Great article. I'll be following along. Would like to learn more about the robotics space.

- I've heard the advantage of ROS besides the architecture is the ecosystem (driver integrations, etc). Is that not an issue because the arm supports a Python SDK OOTB?

- Any issues you've been running into with this setup?

- How do you determine if a session recording is good enough for training? Is 50/100 samples really all you need?

▲

mplappert 2 days ago | parent [-]

Glad you like it!

Re your questions:

- The driver situation turned out totally fine; I intentionally picked HW with good python sdk support so that was very painless.

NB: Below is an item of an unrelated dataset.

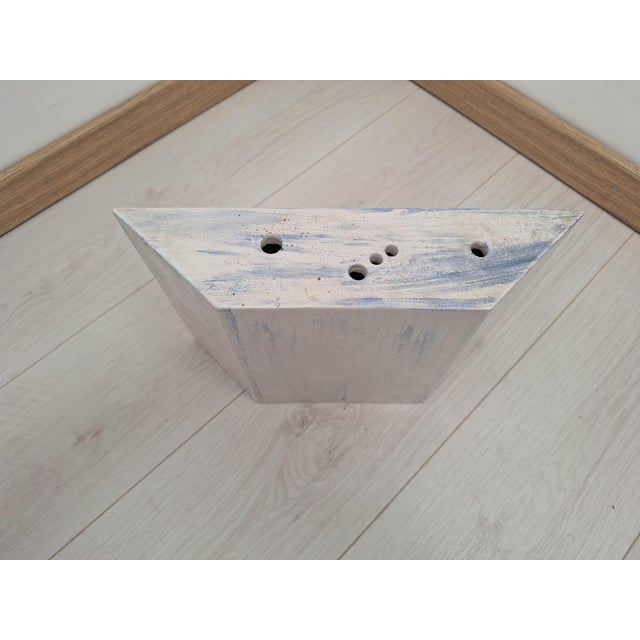 Mid-Century Modern Enameled Ceramic Flower Holder by Bianca Garinei for Atelier Ceramica Smaltata, 1990s For Sale - Image 3 of 10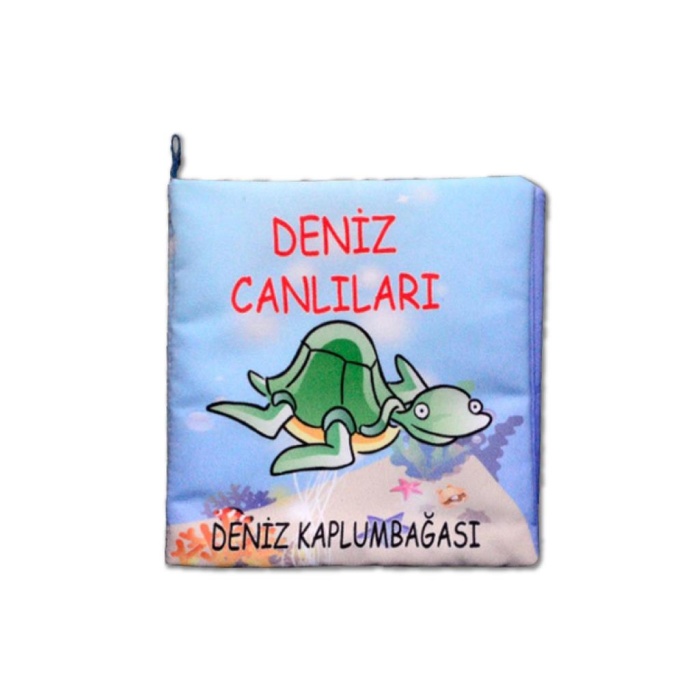 Deniz Canlıları Kumaş Sessiz Kitap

- The static camera (the C920) is not super great; it drops frames and sometimes cuts out. We’ll see how that goes but it’s probably the clostest thing I want to swap right now. Another issue is reach of the arm when forcing the worst to be axis parallel with the table; you cannot get very far away. The chess setup demo in the video gives an example: I can just reach the row of pawns and beyond that it’s out of reach.

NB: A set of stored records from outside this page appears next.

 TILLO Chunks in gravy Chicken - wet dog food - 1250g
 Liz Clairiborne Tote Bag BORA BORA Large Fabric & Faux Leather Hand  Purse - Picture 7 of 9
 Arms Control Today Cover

- I don’t know yet! The 50-100 figure comes from the ACT and diffusion policy papers but it depends on the type of task. For fine tuning my sense is that you only need a few hours worth of demos to get good results with pi0.5 etc. a big reason I’m doing this project is that I want to try all of this myself, so the next posts definitely will talk about that

	▲	b89kim a day ago \| parent [-]
		I could confirm 50-100 demonstrations are enough for fine-tuning pi0/pi05. I did research with aloha and humanoid. It works from 20~40ep(5~10min) but success rate would be 70~80%. Pi0 tech paper suggests to use over 1~4 hours of data. I could get 95% success rate for pick&place with 1 hour of humanoid. Anyway, required hours for good SR depend on generality of data. Long Horizon task over 5 min is not working as paper because PI removed high level(subtask) reasoning part in released pi05.